■ **Task instructions**: When you return the data, keep every line exactly as it is and leave out the pictures.

━━━━━━━━━━━━━━━━━━━━

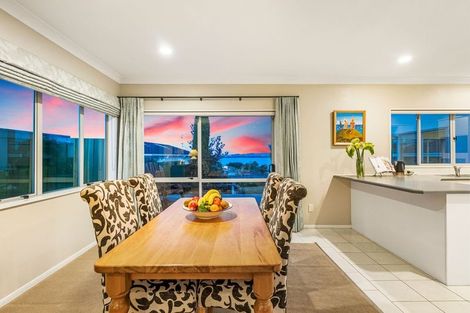 Photo of property in 30 Churchill Road, Cockle Bay, Auckland, 2014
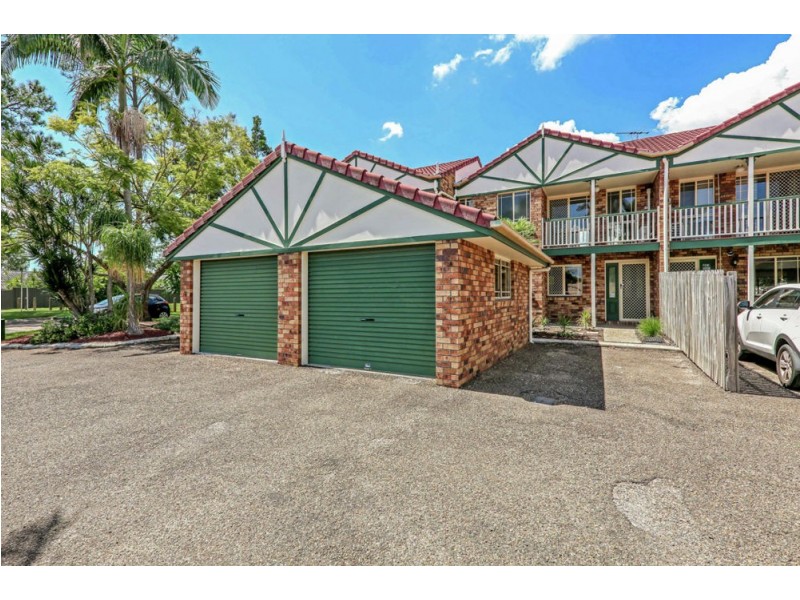 2/11 Jimbour Close, Forest Lake QLD 4078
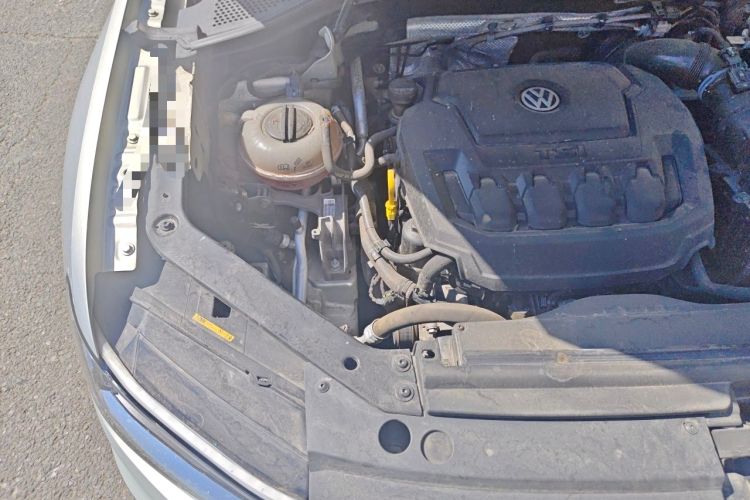 Used Volkswagen Tiguan L 2019 330TSI Automatic Two-Wheel Drive Luxury Edition China V Standard Engine Bay Right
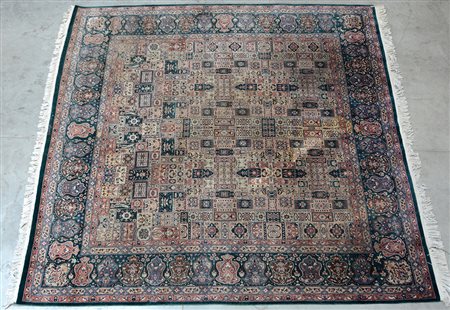 Tappeto Kashmir, India secolo XX, disegno allover nei toni del verde azzurro...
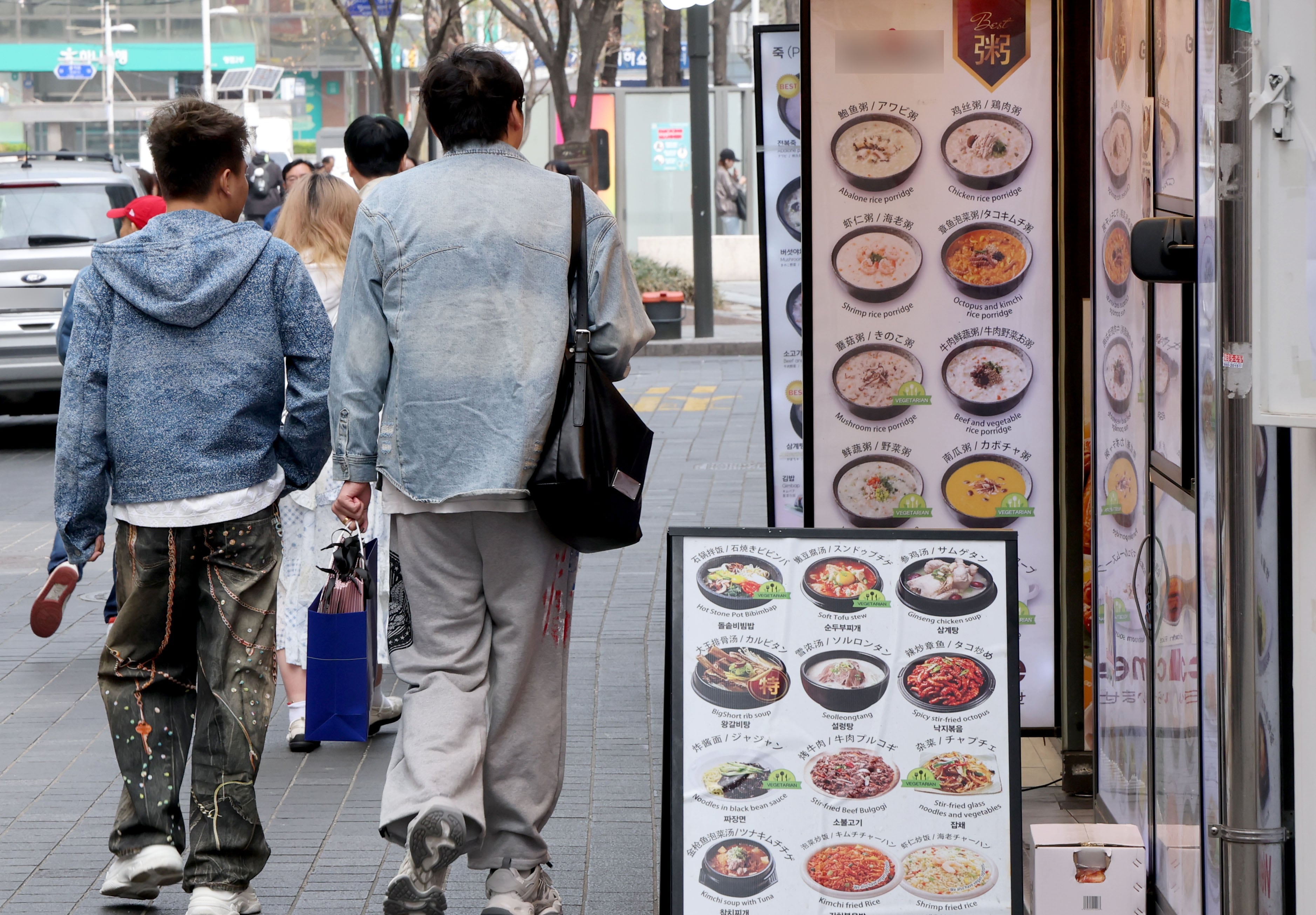 “식당 못 버텨”…경총, 최저임금 업종별 차등화 요구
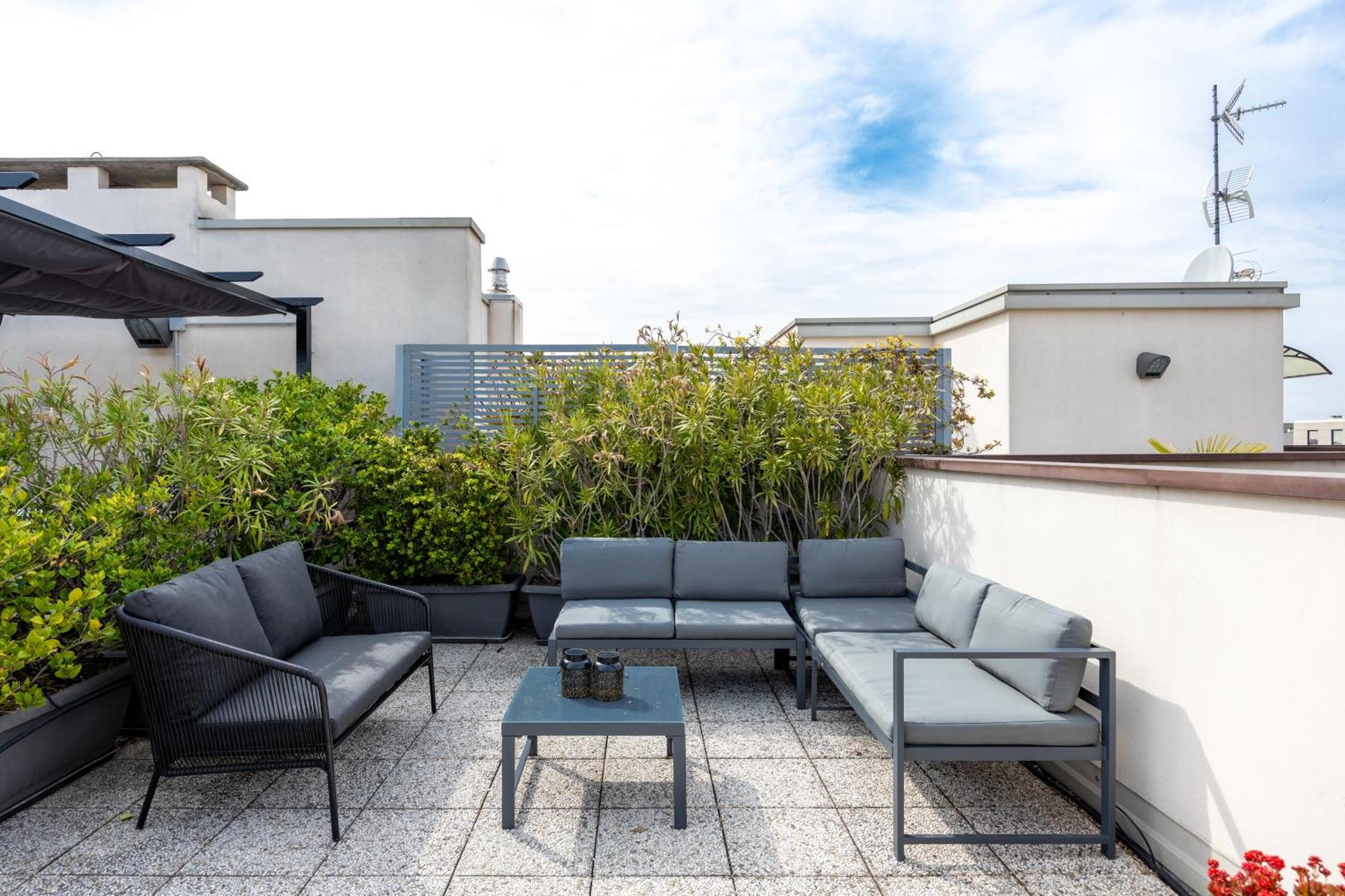 Bocconi'S Nest - Close To Duomo With Terrace Milan Exterior photo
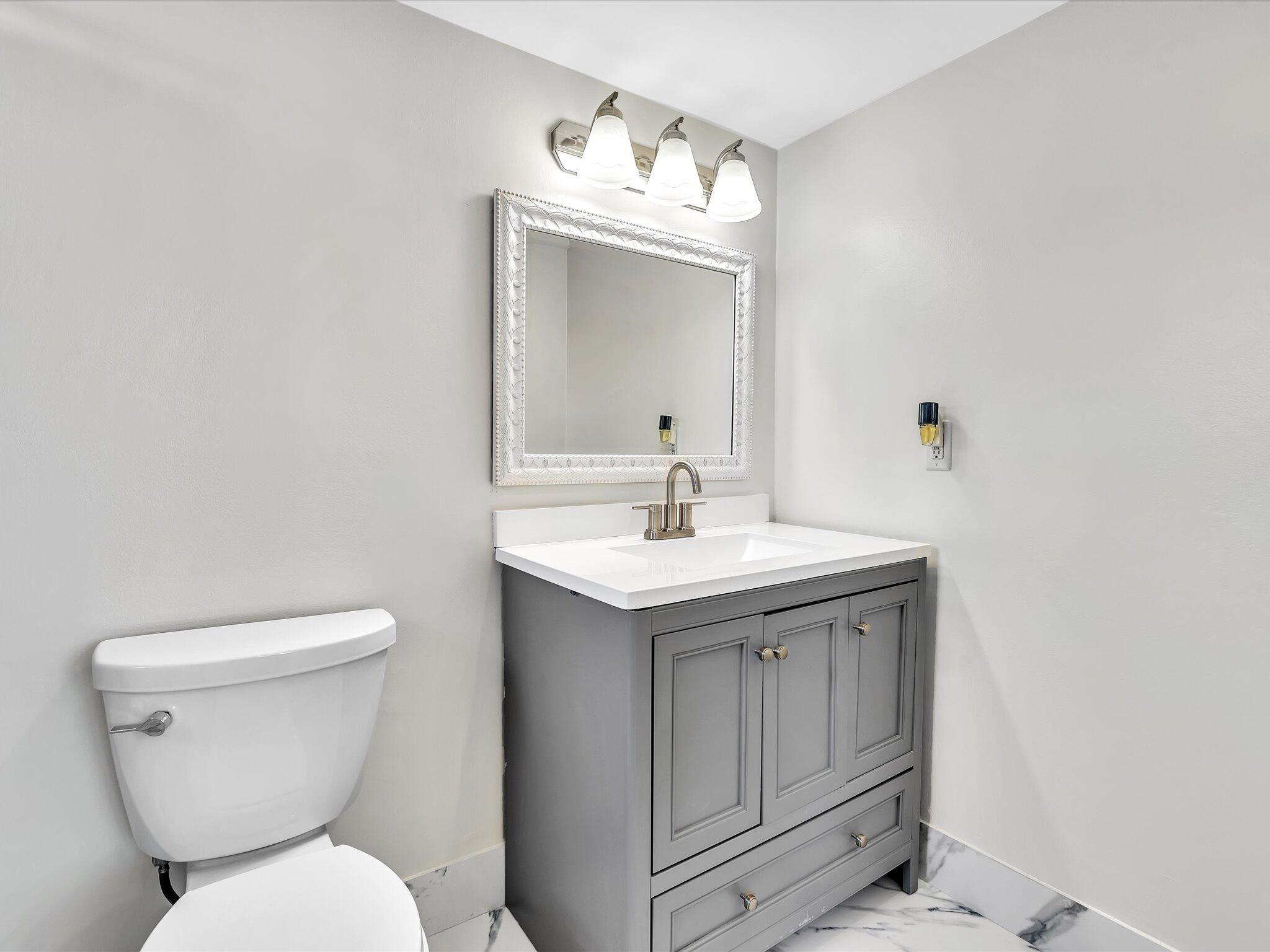 MEADOWBROOK LAKES VIEW CO - Residential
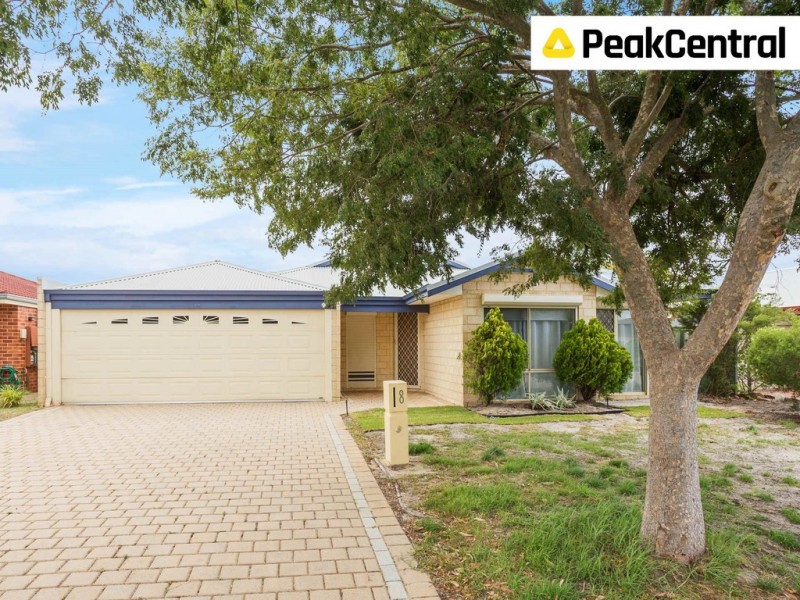 8 Tozer Loop, Atwell WA 6164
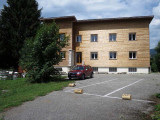 Parking privé. 4/5 places réservées pour le gîte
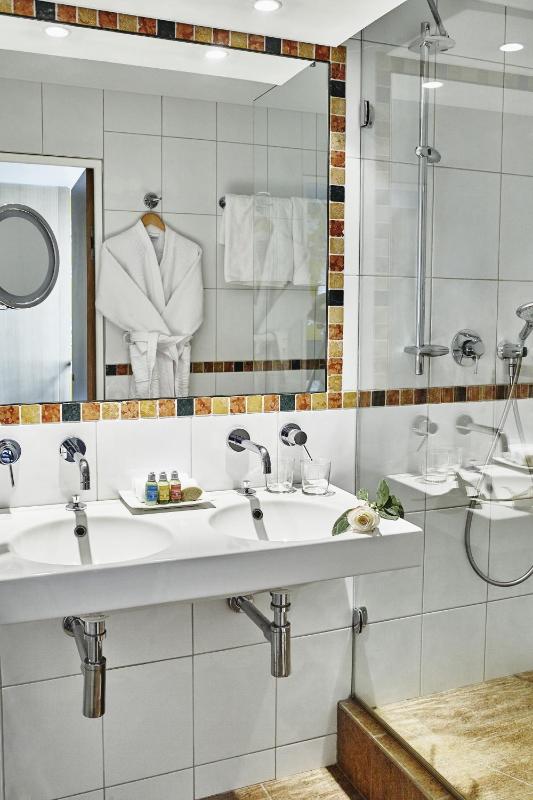 Duplex Quadruple Room image 3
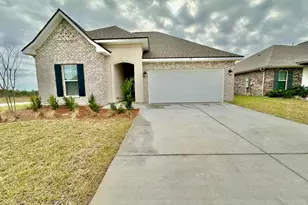 78 Bon Ami Dr, Freeport, FL 32439 - Photo 1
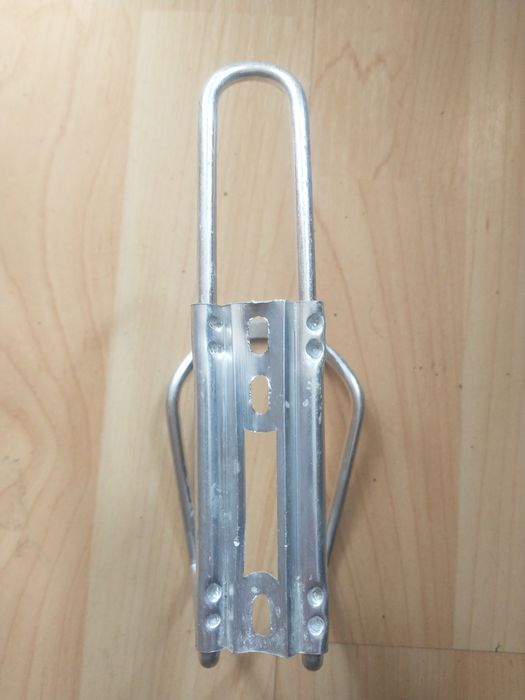 Uchwyt koszyk na bidon do roweru aluminiowy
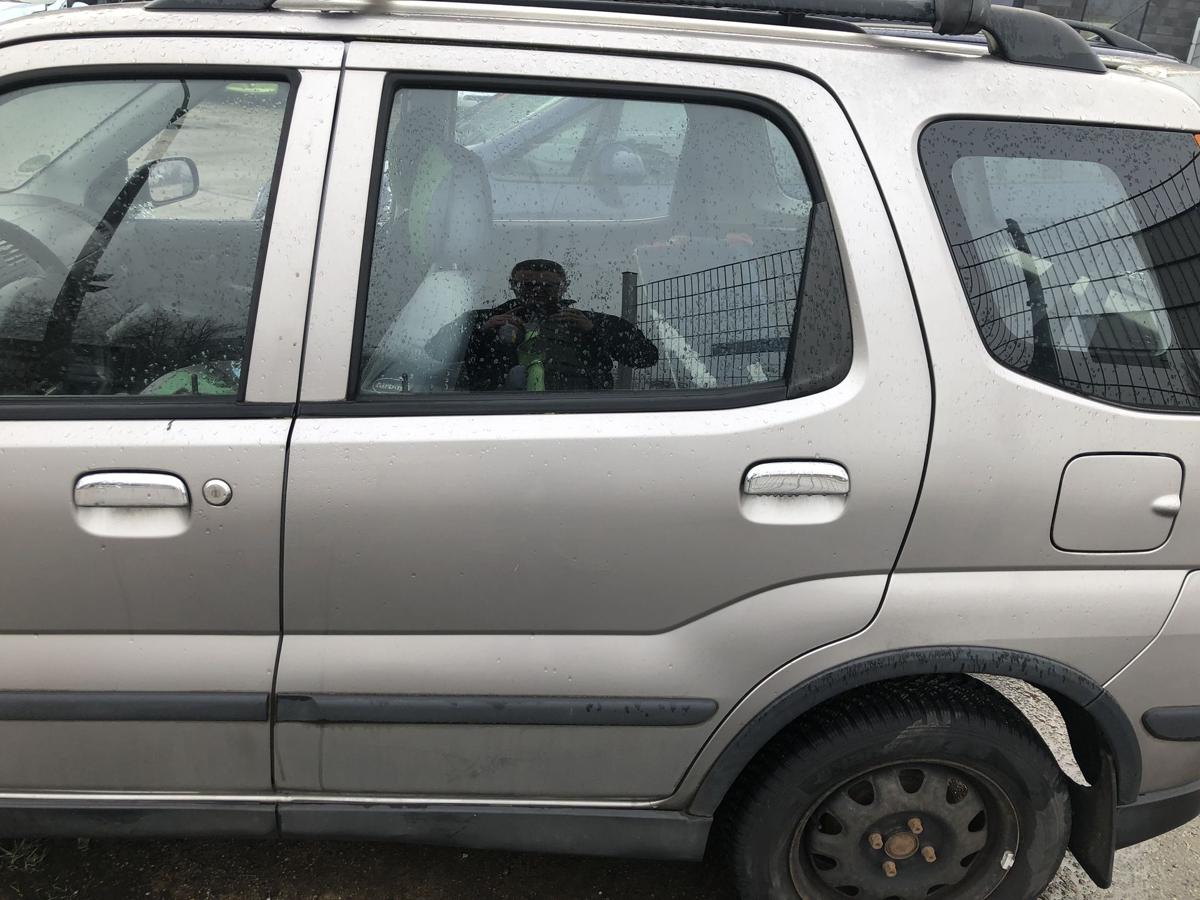 Suzuki Ignis Typ MH T&uuml;r hinten links Rohbau Autot&uuml;r Fondt&uuml;r silber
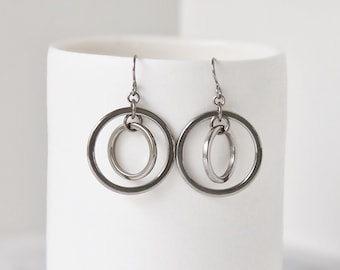 Swinging Crosswise Double Titanium Hoop Earrings, Two Circle Hypoallergenic Nickel Free Earrings for Sensitive Ears, Non Allergenic Niobium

━━━━━━━━━━━━━━━━━━━━

■ **Answer area**:
 Photo of property in 30 Churchill Road, Cockle Bay, Auckland, 2014
 2/11 Jimbour Close, Forest Lake QLD 4078
 Used Volkswagen Tiguan L 2019 330TSI Automatic Two-Wheel Drive Luxury Edition China V Standard Engine Bay Right
 Tappeto Kashmir, India secolo XX, disegno allover nei toni del verde azzurro...
 “식당 못 버텨”…경총, 최저임금 업종별 차등화 요구
 Bocconi'S Nest - Close To Duomo With Terrace Milan Exterior photo
 MEADOWBROOK LAKES VIEW CO - Residential
 8 Tozer Loop, Atwell WA 6164
 Parking privé. 4/5 places réservées pour le gîte
 Duplex Quadruple Room image 3
 78 Bon Ami Dr, Freeport, FL 32439 - Photo 1
 Uchwyt koszyk na bidon do roweru aluminiowy
 Suzuki Ignis Typ MH T&uuml;r hinten links Rohbau Autot&uuml;r Fondt&uuml;r silber
 Swinging Crosswise Double Titanium Hoop Earrings, Two Circle Hypoallergenic Nickel Free Earrings for Sensitive Ears, Non Allergenic Niobium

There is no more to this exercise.